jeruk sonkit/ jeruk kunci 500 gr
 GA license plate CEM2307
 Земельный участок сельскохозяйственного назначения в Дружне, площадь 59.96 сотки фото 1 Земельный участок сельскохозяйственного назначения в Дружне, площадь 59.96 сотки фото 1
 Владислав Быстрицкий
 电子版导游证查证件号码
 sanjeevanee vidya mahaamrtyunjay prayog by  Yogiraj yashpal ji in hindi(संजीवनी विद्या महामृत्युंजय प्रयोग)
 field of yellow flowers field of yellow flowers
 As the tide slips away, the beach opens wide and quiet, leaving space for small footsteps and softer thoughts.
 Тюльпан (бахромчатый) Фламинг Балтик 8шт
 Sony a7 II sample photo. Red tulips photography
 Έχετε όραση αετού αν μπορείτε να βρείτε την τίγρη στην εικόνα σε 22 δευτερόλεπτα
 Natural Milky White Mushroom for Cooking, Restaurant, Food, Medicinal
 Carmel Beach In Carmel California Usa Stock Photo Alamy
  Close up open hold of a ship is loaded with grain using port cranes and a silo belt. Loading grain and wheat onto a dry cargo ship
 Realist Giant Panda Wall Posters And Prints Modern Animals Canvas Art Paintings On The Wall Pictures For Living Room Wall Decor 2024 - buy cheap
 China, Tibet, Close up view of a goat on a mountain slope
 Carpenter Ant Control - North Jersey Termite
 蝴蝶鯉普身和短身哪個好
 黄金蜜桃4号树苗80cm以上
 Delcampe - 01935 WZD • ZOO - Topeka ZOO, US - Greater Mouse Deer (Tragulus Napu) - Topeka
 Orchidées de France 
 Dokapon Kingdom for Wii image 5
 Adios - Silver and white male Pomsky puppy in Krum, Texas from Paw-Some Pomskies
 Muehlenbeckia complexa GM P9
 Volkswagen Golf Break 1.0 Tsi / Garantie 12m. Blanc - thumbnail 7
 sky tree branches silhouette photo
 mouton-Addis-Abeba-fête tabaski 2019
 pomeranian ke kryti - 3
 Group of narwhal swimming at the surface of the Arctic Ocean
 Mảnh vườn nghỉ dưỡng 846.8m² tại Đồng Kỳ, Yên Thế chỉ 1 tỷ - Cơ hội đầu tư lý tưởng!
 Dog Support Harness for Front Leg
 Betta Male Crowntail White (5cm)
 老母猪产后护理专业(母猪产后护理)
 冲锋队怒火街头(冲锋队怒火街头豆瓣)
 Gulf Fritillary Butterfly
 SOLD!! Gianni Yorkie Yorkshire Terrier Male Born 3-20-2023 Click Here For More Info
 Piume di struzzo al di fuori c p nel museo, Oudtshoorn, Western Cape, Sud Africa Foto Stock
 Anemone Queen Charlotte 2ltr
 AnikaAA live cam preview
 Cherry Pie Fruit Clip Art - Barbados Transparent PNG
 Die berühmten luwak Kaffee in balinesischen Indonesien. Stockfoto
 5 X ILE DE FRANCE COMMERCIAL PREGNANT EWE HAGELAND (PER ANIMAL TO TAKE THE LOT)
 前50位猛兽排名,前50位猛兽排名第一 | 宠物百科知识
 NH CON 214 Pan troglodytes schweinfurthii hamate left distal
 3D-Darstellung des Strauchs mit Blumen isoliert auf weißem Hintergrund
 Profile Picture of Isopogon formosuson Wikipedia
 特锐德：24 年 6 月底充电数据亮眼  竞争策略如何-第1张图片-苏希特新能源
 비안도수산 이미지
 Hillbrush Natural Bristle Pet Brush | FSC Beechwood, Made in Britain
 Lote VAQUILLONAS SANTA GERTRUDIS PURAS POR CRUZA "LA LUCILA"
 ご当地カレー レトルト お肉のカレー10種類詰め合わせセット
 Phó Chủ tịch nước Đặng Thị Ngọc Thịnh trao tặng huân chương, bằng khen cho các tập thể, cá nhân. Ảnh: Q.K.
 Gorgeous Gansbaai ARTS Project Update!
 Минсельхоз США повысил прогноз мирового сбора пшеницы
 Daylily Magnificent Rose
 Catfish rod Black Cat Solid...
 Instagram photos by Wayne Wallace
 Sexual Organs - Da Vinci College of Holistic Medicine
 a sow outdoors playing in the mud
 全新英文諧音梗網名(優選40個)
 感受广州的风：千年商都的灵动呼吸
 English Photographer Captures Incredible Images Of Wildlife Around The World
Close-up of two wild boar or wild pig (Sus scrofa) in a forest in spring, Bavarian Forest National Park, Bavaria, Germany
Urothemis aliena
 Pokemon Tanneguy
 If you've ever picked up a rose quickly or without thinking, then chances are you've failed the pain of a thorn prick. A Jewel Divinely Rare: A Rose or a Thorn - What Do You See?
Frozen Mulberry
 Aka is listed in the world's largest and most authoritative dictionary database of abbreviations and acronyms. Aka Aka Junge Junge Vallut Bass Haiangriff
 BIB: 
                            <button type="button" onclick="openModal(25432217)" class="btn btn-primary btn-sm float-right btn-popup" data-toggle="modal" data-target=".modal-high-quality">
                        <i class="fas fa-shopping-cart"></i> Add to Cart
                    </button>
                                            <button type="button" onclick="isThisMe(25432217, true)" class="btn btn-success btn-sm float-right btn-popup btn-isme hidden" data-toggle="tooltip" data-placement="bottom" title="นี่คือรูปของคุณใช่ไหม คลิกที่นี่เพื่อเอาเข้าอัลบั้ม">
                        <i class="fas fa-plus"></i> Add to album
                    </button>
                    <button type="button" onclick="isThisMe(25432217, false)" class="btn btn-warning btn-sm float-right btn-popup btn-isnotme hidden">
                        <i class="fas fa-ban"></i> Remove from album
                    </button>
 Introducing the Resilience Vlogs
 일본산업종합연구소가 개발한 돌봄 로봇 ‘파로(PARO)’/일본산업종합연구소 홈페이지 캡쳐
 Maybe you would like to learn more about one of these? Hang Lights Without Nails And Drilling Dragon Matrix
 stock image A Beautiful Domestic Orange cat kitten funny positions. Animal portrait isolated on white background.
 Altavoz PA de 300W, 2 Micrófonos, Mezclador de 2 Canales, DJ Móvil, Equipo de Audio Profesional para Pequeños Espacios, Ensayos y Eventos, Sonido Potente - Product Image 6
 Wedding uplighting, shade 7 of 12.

__________________________________________________

§ Problem description
Count lines, not occurrences: report how many lines in the entries above include the word "popup", as a number alone.

§ Output below
3